What looks like a scatter of overgrown ridges and hollow ground is, in fact, a curvilinear field system, its boundaries sweeping in curves rather than the straight lines of later enclosure, tracing out a pattern of human settlement that predates any living memory of the place.
An Air Corps aerial photograph taken in 1957 first brought the extent of this system into focus, showing it running approximately 900 metres on a north-northwest to south-southeast axis. Later satellite imagery confirmed not just the field boundaries but also a series of hut sites clustered within them, the remains of small circular or oval structures that would have sheltered the people who worked this ground. The whole arrangement may be connected to Cappanawalla hillfort, a substantial prehistoric enclosure on the same hill. Hillforts, which typically consist of one or more ramparts enclosing a hilltop, are generally associated with the later prehistoric period in Ireland, and the presence of associated field systems and habitation sites nearby suggests something more than a purely defensive or ceremonial function; this may have been a working, inhabited landscape for a considerable community.

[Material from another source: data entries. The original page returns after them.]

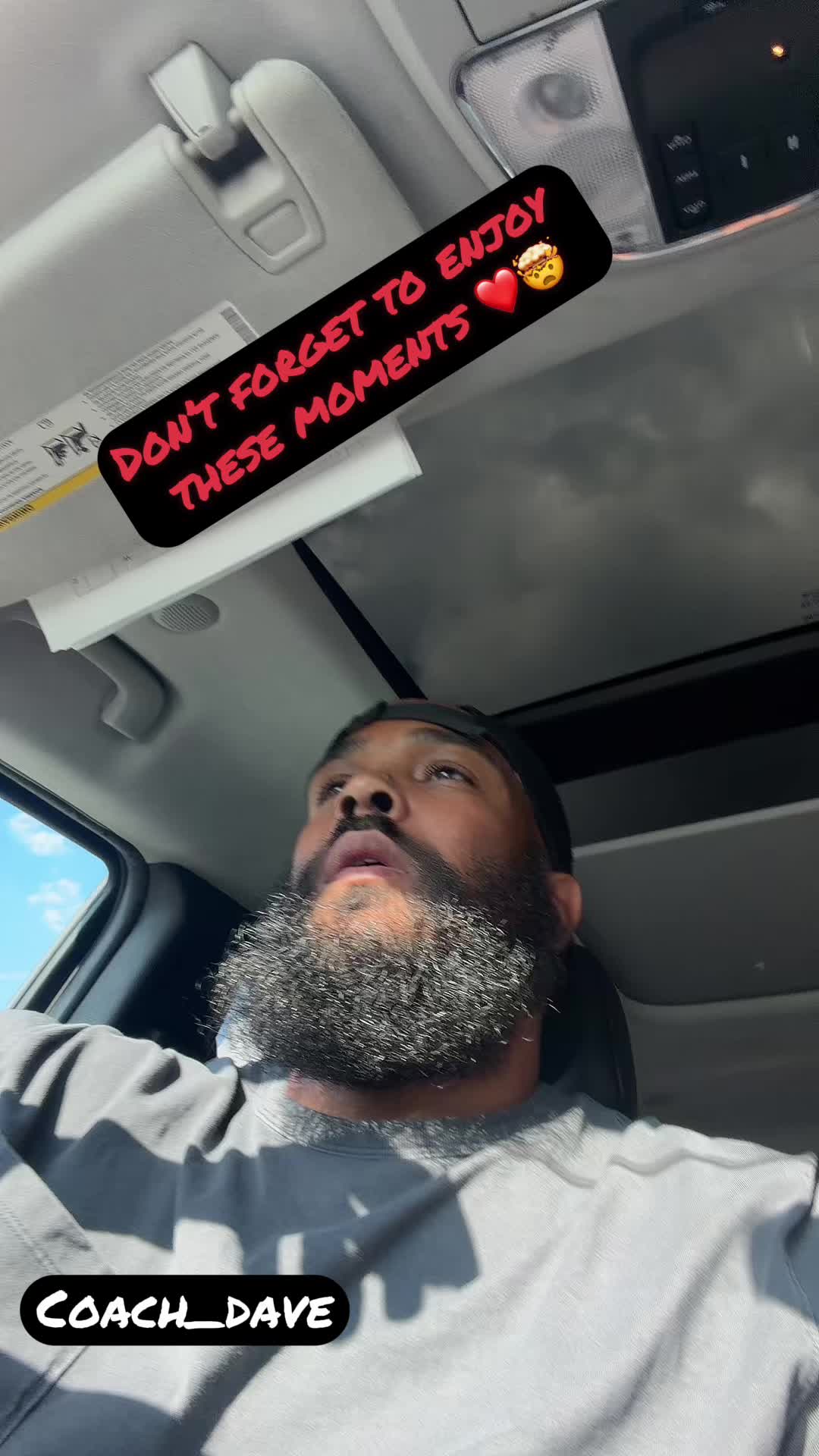 @DJT Operations
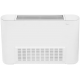 Напольно-потолочный фанкойл Midea MKH1-700F-R4
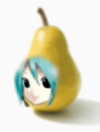 aldreann Altpins Profile Picture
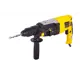 Перфоратор сетевой SDS Plus Hanskonner HRH0828REC HRH0828REC, 850 Вт, 3.2 Дж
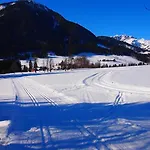 Kainhofer Sankt Martin am Tennengebirge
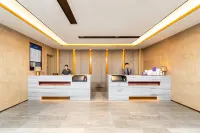 Lavande Hotel (Shenyang Xita North Station Branch) - 3-Star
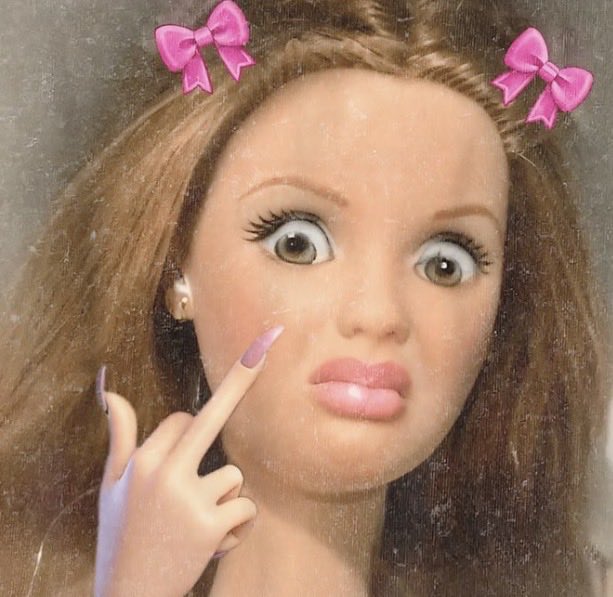 j avi 𝕏 tweet media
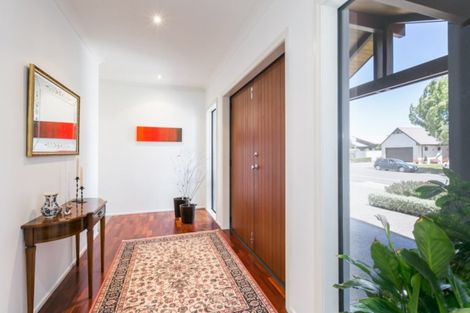 Photo of property in 83 Russell Robertson Drive, Havelock North, 4130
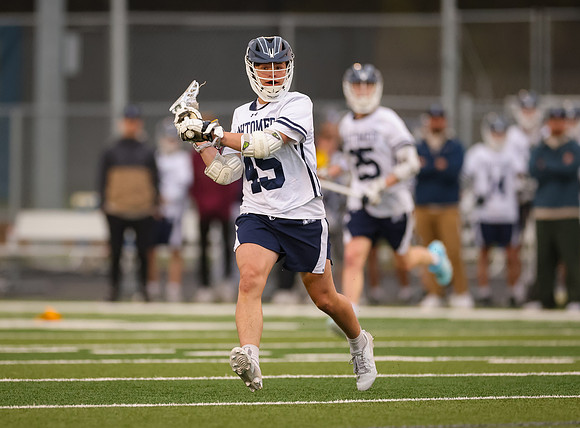 Centennial vs Mahtomedi Lacrosse_163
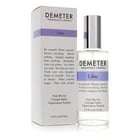 Demeter Lilac Perfume by Demeter Perfume 4 Oz Cologne Spray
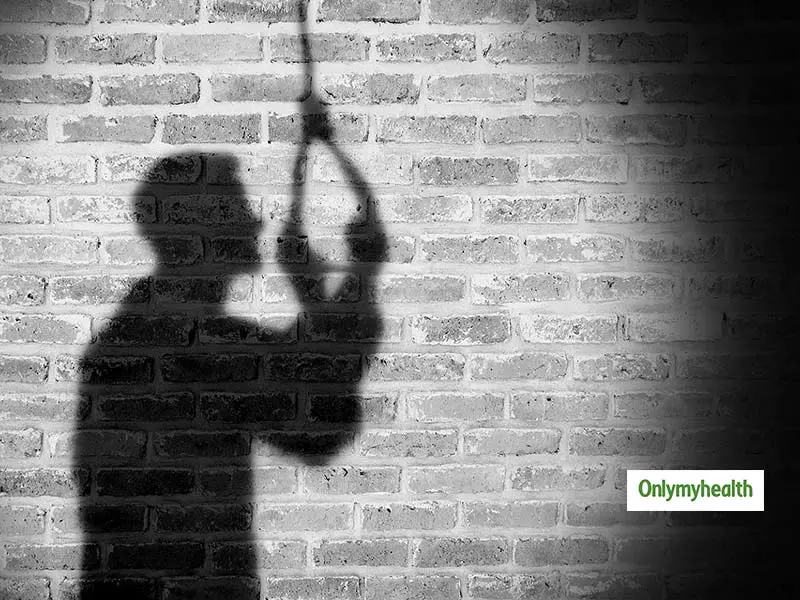 டிரைவர் தற்கொலை டிரைவர் தற்கொலை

The curvilinear form of the field boundaries is itself worth pausing over. Unlike the rectilinear grid imposed on the Irish countryside during the post-medieval period, curvilinear field systems tend to follow the natural contours of the land and are often associated with early medieval or prehistoric farming practice. Seen from above, the Ballyconry system has a flowing, almost organic quality that sets it apart from later agricultural geometry, a pattern shaped more by the slope of the hill than by any surveyor's rod.